Дюваль тоже жалуется. «Два месяца подряд, — говорил он Кастаньяри 1 декабря, — я пишу г-ну Курбе и прошу ответить на очень важные вопросы. Он не подает никаких признаков жизни»[483]. Четыре дня спустя Курбе вторит ему: «Я не могу больше поставлять сведения. За три с половиной года я написал больше пяти томов [записок и воспоминаний]. И я никогда не мог добиться ни от своего поверенного, ни от адвоката, зачем должен был отправиться в изгнание и рискую ли сесть в тюрьму [вернувшись во Францию], если не смогу заплатить… Мой поверенный не дает мне совета и вообще не предпринимает никаких шагов; г-н Лашо делает и того меньше; в результате я, ничего не понимая в делах, стал поверенным своего поверенного… Под дамокловым мечом, который постоянно висит над головой, невозможно противостоять delirium tremens[484], отчаянию, отупению и, главное, сирене [алкоголю], а это сводит с ума. Работать невозможно и, в довершение всего, моя семья — в глубокой печали. Если в Париже [правительство] настаивает, чтобы я уплатил эту несправедливую компенсацию, я должен по крайней мере… при любых обстоятельствах сохранить свою мастерскую в Орнане (она была заложена в соответствии с законом еще до судебного преследования против меня); другой мне уже не построить… Если преследование обратят и на заложенное имущество, мне, видимо, остается лишь бросить живопись»[485].
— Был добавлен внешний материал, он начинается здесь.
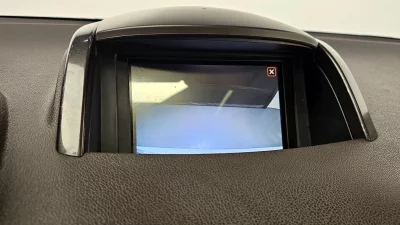 Renault Samsung QM5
Теперь правительство более точно определило стоимость реставрации колонны. 8 января 1877 года Курбе писал Кастаньяри: «Вы лучше, чем кто бы то ни было, знаете: я не могу уплатить 350 000 франков. Мне и без того трудно оплачивать поверенного и адвоката; сейчас я совершенно разорен и не продаю картин… Думаю, скоро настанет время выбросить все это из головы; должны же наконец кончиться все эти глупости, нескончаемые заботы, юридические документы, в которых я ровно ничего не смыслю и от которых, во всяком случае, не способен защищаться. Противоестественно так мучить человека в течение трех, нет, четырех лет!.. Вы — единственный из моих знакомых, кто помог мне в этой истории. Мы должны получить от Ж[юля] Симона [который сменил Дюфора на посту премьера] охранное свидетельство, разрешающее мне навещать семью, видеть, как она живет, успокаивать старика отца, подбадривать сестру [Жюльетту], посвятившую ему жизнь.